──────── INPUT RECORDS
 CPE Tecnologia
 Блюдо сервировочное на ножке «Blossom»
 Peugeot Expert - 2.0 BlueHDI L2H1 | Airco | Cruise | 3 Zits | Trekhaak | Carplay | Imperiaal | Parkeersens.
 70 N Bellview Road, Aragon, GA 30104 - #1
────────────────
──────── INPUT RECORDS
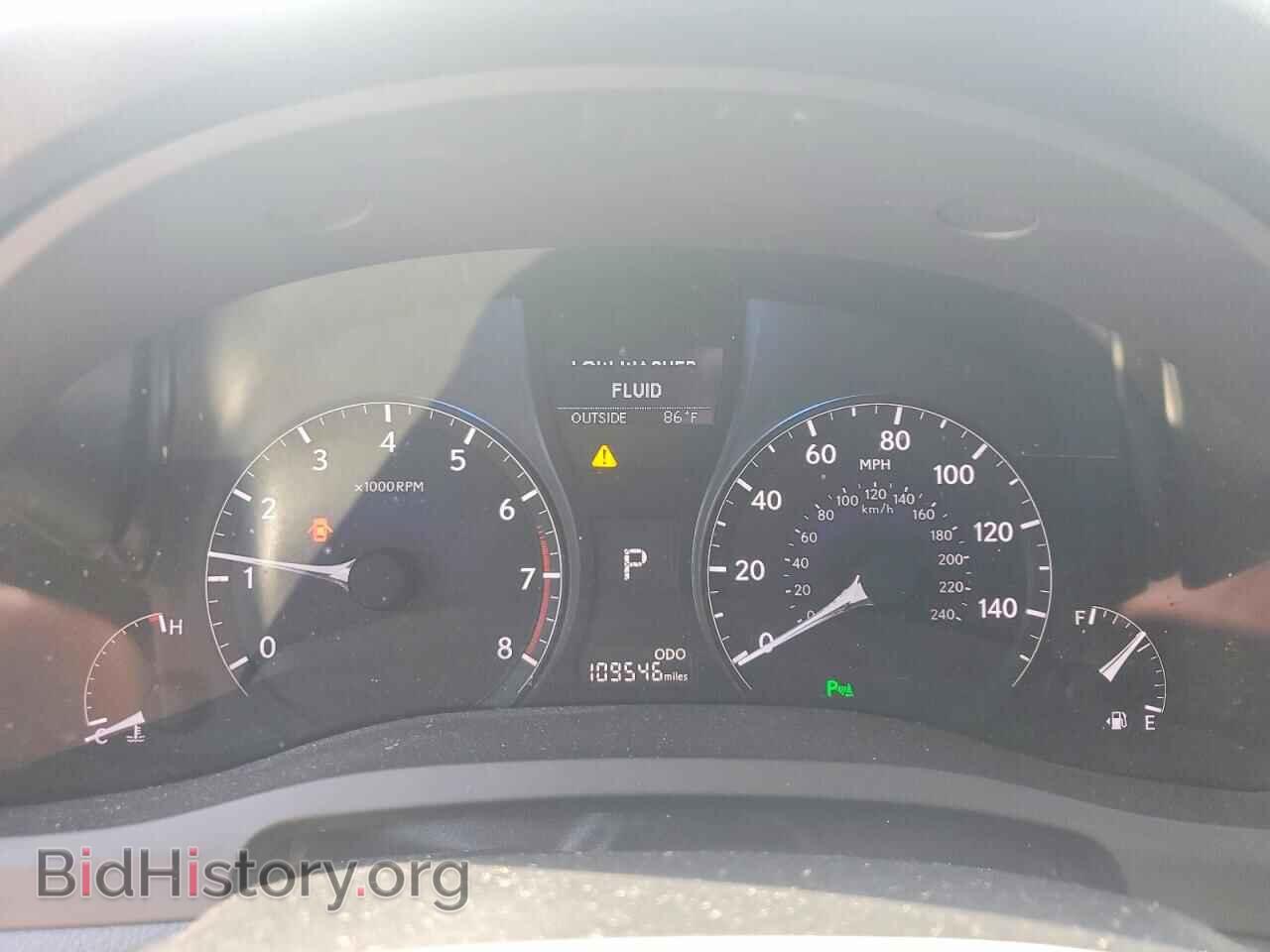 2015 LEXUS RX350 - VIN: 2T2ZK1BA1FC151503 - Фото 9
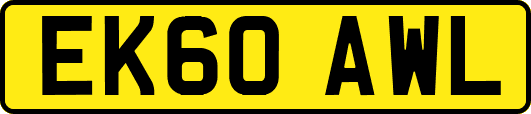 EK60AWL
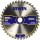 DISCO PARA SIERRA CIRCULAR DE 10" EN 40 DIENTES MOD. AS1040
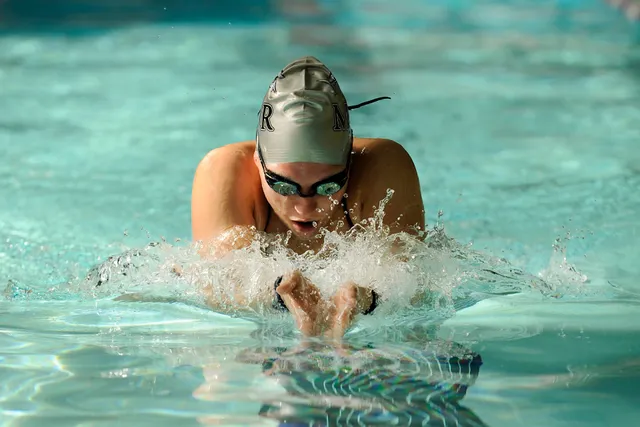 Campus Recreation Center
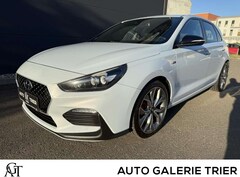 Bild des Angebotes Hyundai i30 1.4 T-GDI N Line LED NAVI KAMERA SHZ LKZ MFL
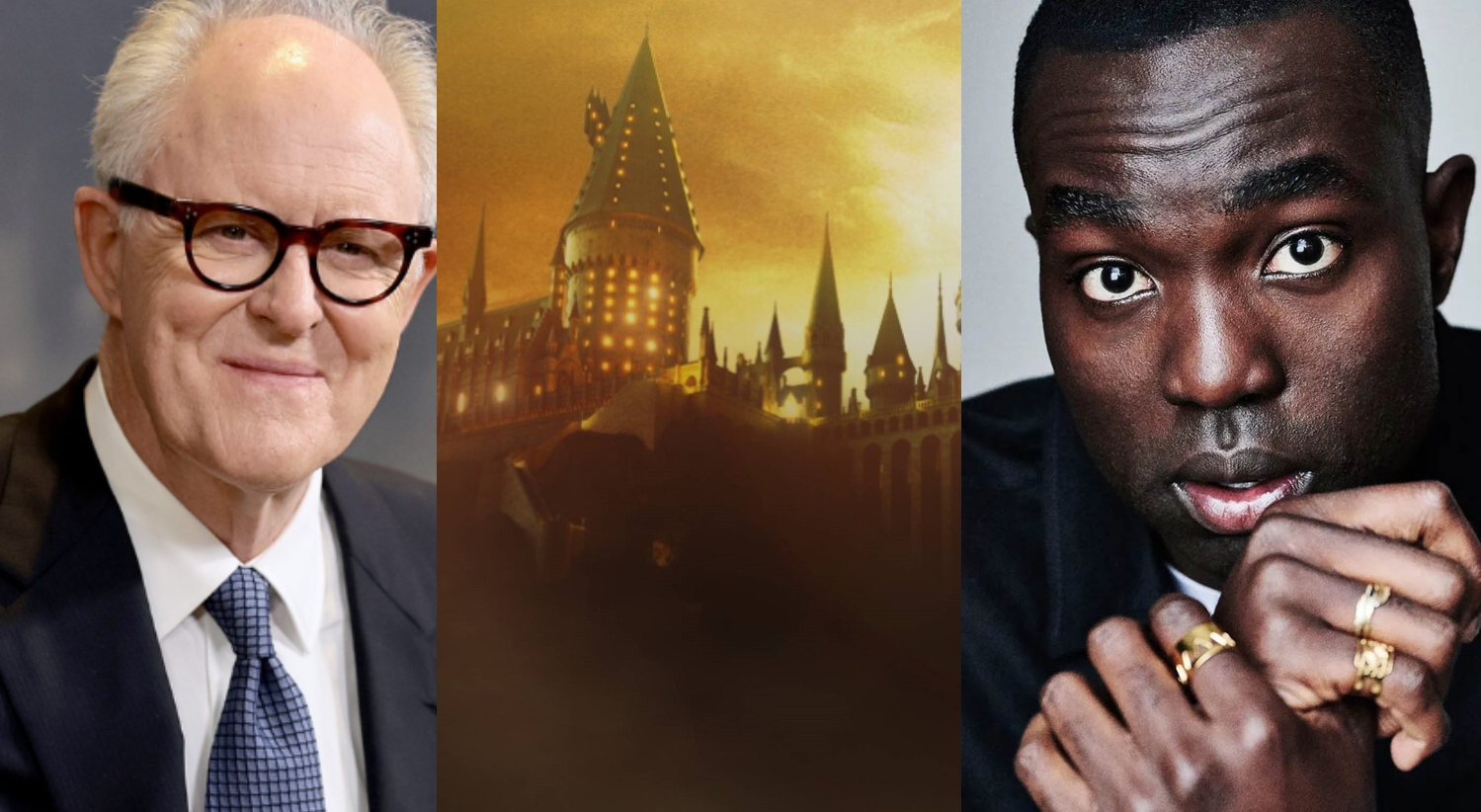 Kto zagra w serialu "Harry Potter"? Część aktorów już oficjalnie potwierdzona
────────────────
▸ **AIM OF THE TASK**
Retype, exactly and in full, the lines above from the one containing "CPE Tecnologia" through the one containing "70 N Bellview Road, Aragon, GA 30104 - #1".

▸ **RESPONSE BOX**
 CPE Tecnologia
 Блюдо сервировочное на ножке «Blossom»
 Peugeot Expert - 2.0 BlueHDI L2H1 | Airco | Cruise | 3 Zits | Trekhaak | Carplay | Imperiaal | Parkeersens.
 70 N Bellview Road, Aragon, GA 30104 - #1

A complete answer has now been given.